Référent handicap. Dans toute entreprise employant au moins 250 salariés, un référent chargé d'orienter, d'informer et d'accompagner les personnes en situation de handicap doit être désigné. Si le travailleur le demande, ce dernier peut participer au rendez-vous de liaison prévu à l'article L. 1226-1-3 du code du travail; Ce référent est tenu à une obligation de discrétion à l'égard des informations à caractère personnel qu'il est amené à connaître ((C. trav., art. L. 5213-6-1).
Droits et garanties du travailleur handicapé. Le salaire des bénéficiaires de l'obligation d'emploi ne peut être inférieur à celui qui résulte de l'application des dispositions légales ou des stipulations conventionnelles (C. trav., art. L. 5213-7).
Si le travailleur handicapé est licencié, la durée légale du préavis est doublée, sans pouvoir excéder trois mois (C. trav., art. L. 5213-9).
Entreprises adaptées
Les entreprises adaptées promeuvent un environnement économique inclusif favorable aux femmes et aux hommes en situation de handicap. Ces entreprises, constituées par des collectivités territoriales ou des organismes publics ou privés, permettent à des travailleurs handicapés d'exercer une activité professionnelle salariée dans des conditions adaptées à leurs possibilités et favorisant la réalisation de leur projet professionnel, la valorisation de leurs compétences et leur mobilité preofessionnelle.
Pour obtenir ce titre, les entreprises doivent répondre à un certain nombre de critères et être agréées par l'Etat. La conclusion de l'Etat avec elles d'un contrat pluriannuel d'objectifs et de moyens vaut agrément (C. trav., art. L. 5213-13 s., R. 5213-62 s.).
Depuis le 1er janvier 2024, les CDD Tremplin et les entreprises adaptées de travail temporaire (EATT) ont été pérennisés et sont inscrits dans le code du travail.
CDD Tremplin. Le CDD Tremplin est un contrat conclu entre une entreprise adaptée et un travailleur handicapé offrant un accompagnement individualisé au travailleur, qui pourra acquérir une expérience professionnelle et bénéficier d’une formation. Il a également pour but de faciliter sa transition professionnelle vers d'autres entreprises (C. trav., art. L. 5213-13-2, art. R. 5213-79 s.).

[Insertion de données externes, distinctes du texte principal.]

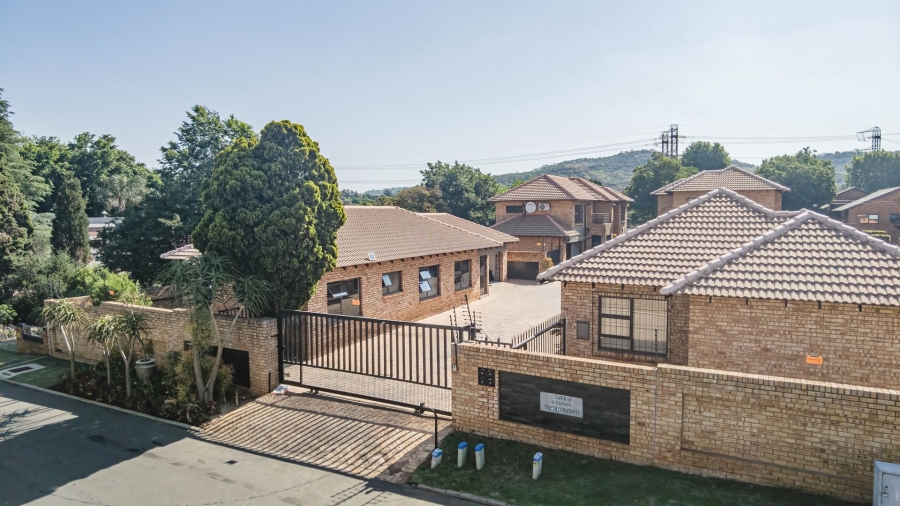 3 Bedroom Property for Sale in New Redruth Gauteng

Entreprises adaptées de travail temporaire (EATT).Les entreprises adaptées de travail temporaire peuvent conclure des contrats de mission pour faciliter l'accès à l'emploi durable des travailleurs handicapés, dont la durée totale peut être portée à 24 mois, renouvellement compris. La durée hebdomadaire de travail peut être inférieure à la durée minimale légale, lorsque la situation du salarié le justifie. Elles peuvent également conclure des contrats de travail à durée indéterminée intérimaires. Ces entreprises doivent mettre en œuvre pour ces salariés un accompagnement renforcé destiné à favoriser la réalisation de leur projet professionnel, la valorisation des compétences acquises durant leur formation et leur transition professionnelle vers d'autres entreprises (C. trav., art. L. 5313-13-3).
Politiques en faveur de l'emploi des travailleurs handicapés
Elles ont pour objectif d'assurer le reclassement des travailleurs handicapés. Elles sont notamment définies et pilotées par l'État. Un fonds de développement pour l'insertion professionnelle des handicapés a pour objet d'accroître les moyens consacrés à l'insertion des handicapés en milieu ordinaire, tandis que des organismes de placement spécialisés, chargés de la préparation, de l'accompagnement et du suivi durable dans l'emploi des personnes handicapées, participent au dispositif d'insertion professionnelle et d'accompagnement prévu pour les travailleurs handicapés (C. trav., art. L. 5211-1 s. et L. 5214-1 A s.).